§ **Work request**
Copy, exactly and without additions, every line in the records below from the one holding "No one thinks" through the one holding "Hey guys, I'm", both ends included.

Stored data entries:
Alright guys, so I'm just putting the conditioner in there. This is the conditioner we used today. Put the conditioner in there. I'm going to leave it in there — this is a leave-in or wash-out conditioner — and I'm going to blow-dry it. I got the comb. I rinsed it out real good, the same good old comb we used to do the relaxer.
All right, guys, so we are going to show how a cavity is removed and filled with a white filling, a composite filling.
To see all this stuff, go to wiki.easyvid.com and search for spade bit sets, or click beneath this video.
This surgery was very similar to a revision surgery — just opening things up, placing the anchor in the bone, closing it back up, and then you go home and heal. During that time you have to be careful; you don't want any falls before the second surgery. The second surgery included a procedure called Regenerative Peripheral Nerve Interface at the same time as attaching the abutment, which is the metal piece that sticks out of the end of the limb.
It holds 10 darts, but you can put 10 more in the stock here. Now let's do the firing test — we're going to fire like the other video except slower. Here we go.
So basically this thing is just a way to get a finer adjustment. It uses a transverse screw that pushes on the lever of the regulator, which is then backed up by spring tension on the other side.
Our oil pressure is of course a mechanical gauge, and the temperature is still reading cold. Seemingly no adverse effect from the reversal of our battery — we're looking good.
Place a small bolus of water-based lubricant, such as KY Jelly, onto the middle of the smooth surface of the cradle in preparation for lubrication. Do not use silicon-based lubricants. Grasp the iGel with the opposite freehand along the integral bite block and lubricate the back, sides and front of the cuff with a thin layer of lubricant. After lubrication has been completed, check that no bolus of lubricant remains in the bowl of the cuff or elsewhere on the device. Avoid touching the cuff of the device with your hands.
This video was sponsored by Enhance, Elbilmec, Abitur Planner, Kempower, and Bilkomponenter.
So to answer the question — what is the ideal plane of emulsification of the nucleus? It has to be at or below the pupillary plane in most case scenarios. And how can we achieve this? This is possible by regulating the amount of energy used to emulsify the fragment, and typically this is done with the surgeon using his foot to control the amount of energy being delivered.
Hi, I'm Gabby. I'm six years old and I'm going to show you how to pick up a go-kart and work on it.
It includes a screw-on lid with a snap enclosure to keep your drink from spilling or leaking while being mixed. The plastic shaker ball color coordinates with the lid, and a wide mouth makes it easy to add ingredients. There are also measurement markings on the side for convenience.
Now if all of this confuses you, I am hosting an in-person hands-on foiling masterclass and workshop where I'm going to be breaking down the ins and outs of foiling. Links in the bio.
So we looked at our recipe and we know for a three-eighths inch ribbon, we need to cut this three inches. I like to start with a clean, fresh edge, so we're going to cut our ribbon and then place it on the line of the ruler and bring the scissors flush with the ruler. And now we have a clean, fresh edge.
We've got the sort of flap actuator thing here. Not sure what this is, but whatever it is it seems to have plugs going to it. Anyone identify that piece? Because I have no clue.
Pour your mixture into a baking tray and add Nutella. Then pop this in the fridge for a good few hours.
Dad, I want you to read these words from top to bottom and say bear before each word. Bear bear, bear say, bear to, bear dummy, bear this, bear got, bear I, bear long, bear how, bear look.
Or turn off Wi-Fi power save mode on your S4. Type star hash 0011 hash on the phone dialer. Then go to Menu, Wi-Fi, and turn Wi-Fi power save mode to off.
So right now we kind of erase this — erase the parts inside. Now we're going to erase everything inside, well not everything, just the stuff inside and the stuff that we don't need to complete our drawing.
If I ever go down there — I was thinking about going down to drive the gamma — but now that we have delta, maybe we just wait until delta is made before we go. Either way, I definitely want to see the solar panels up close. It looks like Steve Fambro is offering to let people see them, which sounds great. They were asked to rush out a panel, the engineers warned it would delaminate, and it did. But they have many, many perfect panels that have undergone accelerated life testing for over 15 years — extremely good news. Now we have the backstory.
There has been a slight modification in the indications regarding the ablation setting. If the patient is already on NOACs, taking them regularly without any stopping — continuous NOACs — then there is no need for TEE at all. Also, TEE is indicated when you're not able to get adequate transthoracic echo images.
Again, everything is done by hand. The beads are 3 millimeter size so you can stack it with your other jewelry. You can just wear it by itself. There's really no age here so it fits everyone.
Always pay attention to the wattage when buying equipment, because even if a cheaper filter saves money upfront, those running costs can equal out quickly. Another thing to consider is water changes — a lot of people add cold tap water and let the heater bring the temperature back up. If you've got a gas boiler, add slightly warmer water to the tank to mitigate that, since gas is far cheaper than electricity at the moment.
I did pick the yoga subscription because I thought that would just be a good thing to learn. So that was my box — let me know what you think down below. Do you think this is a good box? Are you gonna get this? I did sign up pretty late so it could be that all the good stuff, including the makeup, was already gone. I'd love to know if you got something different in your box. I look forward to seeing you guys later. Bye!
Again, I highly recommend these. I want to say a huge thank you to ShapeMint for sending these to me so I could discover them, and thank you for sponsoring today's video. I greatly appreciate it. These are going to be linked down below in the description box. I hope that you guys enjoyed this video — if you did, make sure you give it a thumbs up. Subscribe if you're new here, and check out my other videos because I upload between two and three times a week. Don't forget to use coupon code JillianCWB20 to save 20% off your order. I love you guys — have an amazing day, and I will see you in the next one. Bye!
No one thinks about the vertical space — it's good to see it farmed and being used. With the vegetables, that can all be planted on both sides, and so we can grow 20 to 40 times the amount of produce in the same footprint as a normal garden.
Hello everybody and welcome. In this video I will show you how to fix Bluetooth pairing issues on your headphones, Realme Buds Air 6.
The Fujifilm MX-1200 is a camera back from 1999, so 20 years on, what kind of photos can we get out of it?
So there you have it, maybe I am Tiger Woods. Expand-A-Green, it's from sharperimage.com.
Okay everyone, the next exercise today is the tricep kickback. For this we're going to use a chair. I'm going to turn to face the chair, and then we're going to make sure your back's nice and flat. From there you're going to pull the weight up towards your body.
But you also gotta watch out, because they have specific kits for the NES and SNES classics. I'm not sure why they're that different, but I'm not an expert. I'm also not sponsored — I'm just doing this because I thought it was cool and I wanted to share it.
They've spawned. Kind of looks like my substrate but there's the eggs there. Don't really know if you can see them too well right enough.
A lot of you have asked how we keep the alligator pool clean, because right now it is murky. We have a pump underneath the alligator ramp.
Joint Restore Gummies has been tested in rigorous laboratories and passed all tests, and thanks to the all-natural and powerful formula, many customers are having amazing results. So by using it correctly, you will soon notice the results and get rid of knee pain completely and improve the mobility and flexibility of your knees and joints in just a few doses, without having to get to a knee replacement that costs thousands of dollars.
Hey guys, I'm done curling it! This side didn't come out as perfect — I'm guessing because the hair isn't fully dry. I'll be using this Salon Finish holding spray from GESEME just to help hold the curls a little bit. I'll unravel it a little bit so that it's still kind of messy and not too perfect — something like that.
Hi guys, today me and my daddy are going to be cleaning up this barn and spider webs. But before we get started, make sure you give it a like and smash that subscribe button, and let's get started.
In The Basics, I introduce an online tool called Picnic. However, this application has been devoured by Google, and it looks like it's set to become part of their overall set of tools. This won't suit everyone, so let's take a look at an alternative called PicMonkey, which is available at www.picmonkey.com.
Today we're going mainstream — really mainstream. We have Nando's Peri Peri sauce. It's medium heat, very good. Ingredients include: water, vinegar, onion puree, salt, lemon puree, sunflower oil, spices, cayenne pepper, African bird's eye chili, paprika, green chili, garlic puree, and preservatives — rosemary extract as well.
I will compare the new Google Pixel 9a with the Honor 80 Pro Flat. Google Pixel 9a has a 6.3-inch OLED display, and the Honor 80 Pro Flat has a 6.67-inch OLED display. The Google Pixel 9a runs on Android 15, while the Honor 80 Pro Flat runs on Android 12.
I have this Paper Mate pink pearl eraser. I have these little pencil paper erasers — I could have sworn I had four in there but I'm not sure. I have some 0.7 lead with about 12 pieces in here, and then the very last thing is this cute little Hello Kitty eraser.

§ **Answer box**
No one thinks about the vertical space — it's good to see it farmed and being used. With the vegetables, that can all be planted on both sides, and so we can grow 20 to 40 times the amount of produce in the same footprint as a normal garden.
Hello everybody and welcome. In this video I will show you how to fix Bluetooth pairing issues on your headphones, Realme Buds Air 6.
The Fujifilm MX-1200 is a camera back from 1999, so 20 years on, what kind of photos can we get out of it?
So there you have it, maybe I am Tiger Woods. Expand-A-Green, it's from sharperimage.com.
Okay everyone, the next exercise today is the tricep kickback. For this we're going to use a chair. I'm going to turn to face the chair, and then we're going to make sure your back's nice and flat. From there you're going to pull the weight up towards your body.
But you also gotta watch out, because they have specific kits for the NES and SNES classics. I'm not sure why they're that different, but I'm not an expert. I'm also not sponsored — I'm just doing this because I thought it was cool and I wanted to share it.
They've spawned. Kind of looks like my substrate but there's the eggs there. Don't really know if you can see them too well right enough.
A lot of you have asked how we keep the alligator pool clean, because right now it is murky. We have a pump underneath the alligator ramp.
Joint Restore Gummies has been tested in rigorous laboratories and passed all tests, and thanks to the all-natural and powerful formula, many customers are having amazing results. So by using it correctly, you will soon notice the results and get rid of knee pain completely and improve the mobility and flexibility of your knees and joints in just a few doses, without having to get to a knee replacement that costs thousands of dollars.
Hey guys, I'm done curling it! This side didn't come out as perfect — I'm guessing because the hair isn't fully dry. I'll be using this Salon Finish holding spray from GESEME just to help hold the curls a little bit. I'll unravel it a little bit so that it's still kind of messy and not too perfect — something like that.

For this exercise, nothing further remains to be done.